Non preoccupato dai sondaggi negativi, a maggior ragione dopo il clamoroso flop degli istituti nelle elezioni Usa, il premier lega il sì al referendum "al punto di partenza per poter impostare il futuro e far svoltare il paese". Ma in attesa del 4 dicembre, i mercati sono agitati e lo spread torna a salire, segno, osserva il direttore generale di Banca Generali Gian Maria Mossa, "di una certa preoccupazione". Un incremento che certo non fa piacere al premier che lo considera conseguenza dell'"incertezza" così come, altro lato della medaglia, per il presidente della Bce Mario Draghi "la stabilità è essenziale per fare riforme ben disegnate". L'analisi del premier scatena le opposizioni, che mettono all'indice il terrorismo psicologico messo in piedi dal governo in caso di vittoria del No.

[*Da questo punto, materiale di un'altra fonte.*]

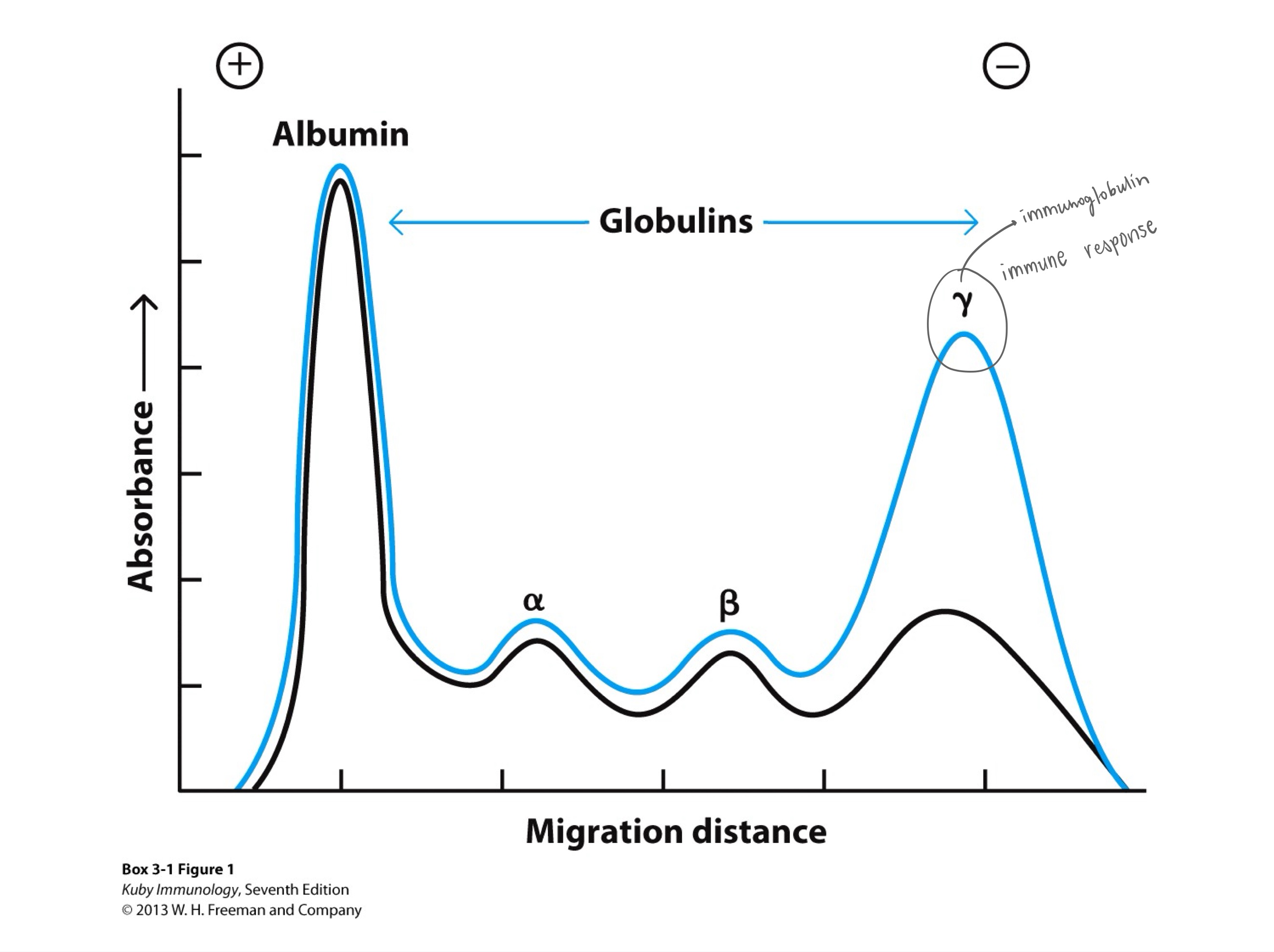 <p>An albumin/globulin graph from protein electrophoresis shows blood proteins separated by size/charge, </p><p>with a large _ peak (transport/oncotic pressure) followed by smaller peaks: </p><p>alpha-1 (AAT), alpha-2 (haptoglobin), </p><p>beta (transferrin/lipoproteins), </p><p>and a broad gamma (antibodies/immunoglobulins) region, </p><p>indicating inflammation (broad gamma/alpha-2) or specific disorders (narrow M-spike for myeloma), with shapes revealing health status. </p>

"La minaccia dello spread - attacca Nicola Fratoianni di Sinistra Italiana - è solo l'ultimo, scomposto tentativo di Matteo Renzi di condizionare il voto degli italiani". Per Brunetta è il presidente del consiglio "ad aizzare in modo irresponsabile la speculazione con affermazioni da paese sudamericano". Se c'è un responsabile della "lacerazione" dell'Italia, rincara Massimo D'Alema, è proprio il leader dem, "una figura che non porta unità in un paese che ne avrebbe bisogno a maggior ragione di fronte al rischio populista che viene dall'elezione di Trump in America".

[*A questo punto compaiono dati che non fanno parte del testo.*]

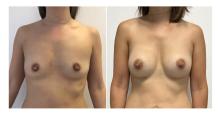 Augmentation mammaire par proth&egrave;ses - Patiente 15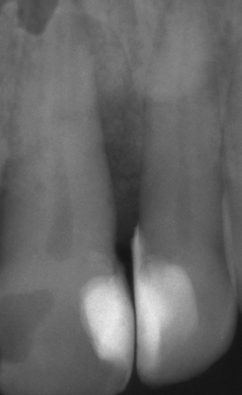 Abb. 19: Postoperative Röntgenkontrolle nach Augmentation.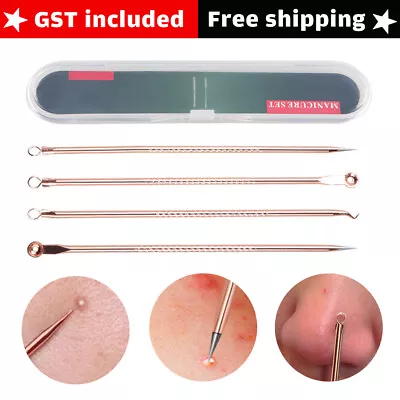 $3.99 • Buy Blackhead Black Head Extractor Remover Tools Pimple Comedone Acne Clip 4Pcs Set
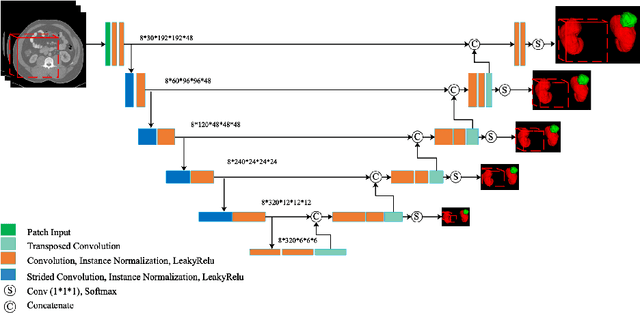 Figure 1 for Multi Scale Supervised 3D U-Net for Kidney and Tumor Segmentation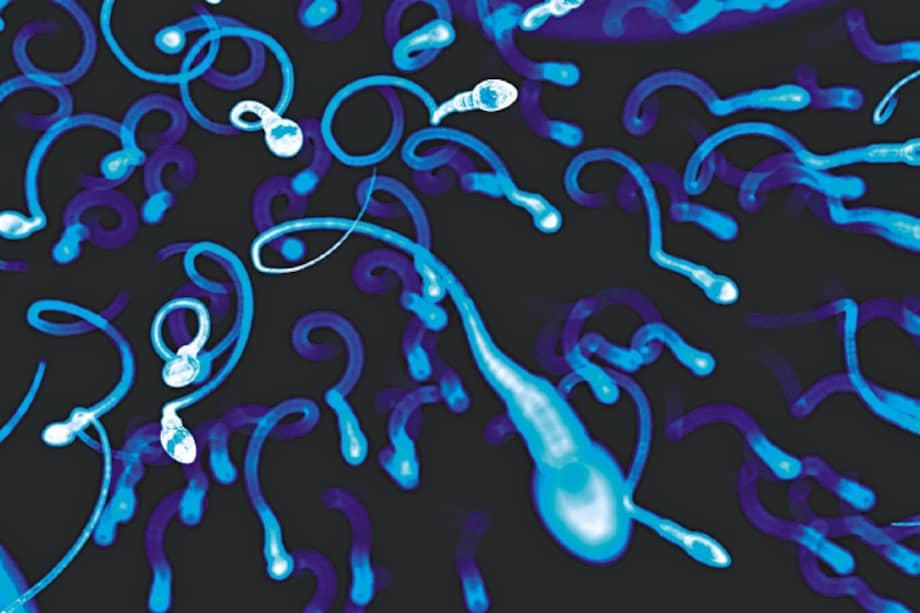 De la vasectomía a un gel anticonceptivo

Ma Renzi non teme che l'ondata populista investa il referendum anche perchè nella partita referendaria il sistema è rappresentato da "chi difende i rimborsi dei consiglieri, dai professoroni che con una superpensione criticano la riforma" e dai vecchi politici che "dopo essersi allegramente disinteressati delle riforme per 30 anni ora vogliono tornare al potere". Ma, se il premier non teme l'onda lunga del populismo, a detta del ministro degli Esteri Paolo Gentiloni sull'esito del referendum sono preoccupati "tutti i ministri degli Esteri europei e nel mondo tutti guardano" al voto italiano. Nella caccia ai voti "casa per casa", regione per regione, il premier finisce nel mirino di un'interrogazione M5S per l'utilizzo di un elicottero di Stato "da Messina a Reggio Calabria, in occasione della sua campagna referendaria pro sì dello scorso ottobre".

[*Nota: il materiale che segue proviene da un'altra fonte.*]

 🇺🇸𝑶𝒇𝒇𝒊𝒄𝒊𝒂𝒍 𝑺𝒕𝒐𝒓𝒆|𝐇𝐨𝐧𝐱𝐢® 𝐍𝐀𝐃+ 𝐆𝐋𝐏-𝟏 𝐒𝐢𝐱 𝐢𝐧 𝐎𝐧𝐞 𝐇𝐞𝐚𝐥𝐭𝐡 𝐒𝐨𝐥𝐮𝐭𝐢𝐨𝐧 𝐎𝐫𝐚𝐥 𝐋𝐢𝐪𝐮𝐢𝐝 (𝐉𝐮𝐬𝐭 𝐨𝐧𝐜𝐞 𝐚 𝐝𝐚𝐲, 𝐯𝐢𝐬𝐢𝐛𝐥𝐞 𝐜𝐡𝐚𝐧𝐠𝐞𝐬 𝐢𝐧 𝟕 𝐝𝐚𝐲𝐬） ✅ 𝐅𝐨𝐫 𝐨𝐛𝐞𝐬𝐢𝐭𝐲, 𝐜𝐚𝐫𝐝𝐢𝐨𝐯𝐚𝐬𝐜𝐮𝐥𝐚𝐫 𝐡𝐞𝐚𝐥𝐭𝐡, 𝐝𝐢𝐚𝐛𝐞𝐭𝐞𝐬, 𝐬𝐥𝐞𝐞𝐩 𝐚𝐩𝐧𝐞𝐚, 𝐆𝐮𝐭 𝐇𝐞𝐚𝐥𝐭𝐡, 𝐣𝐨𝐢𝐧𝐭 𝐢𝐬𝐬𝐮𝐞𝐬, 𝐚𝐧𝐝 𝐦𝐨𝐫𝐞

E subisce il fuoco amico di una gaffe del comitato 'Basta un sì' che, inviando le già contestate lettere agli italiani all'estero, la spedisce ai connazionali in Israele con l'intestazione Gerusalemme-Palestina. Un errore che il Comitato, pronto a inviare di nuovo le lettere, addossa all'anagrafe degli italiani all'estero (Aire), che inserirebbe ancora Gerusalemme nella Palestina del mandato britannico.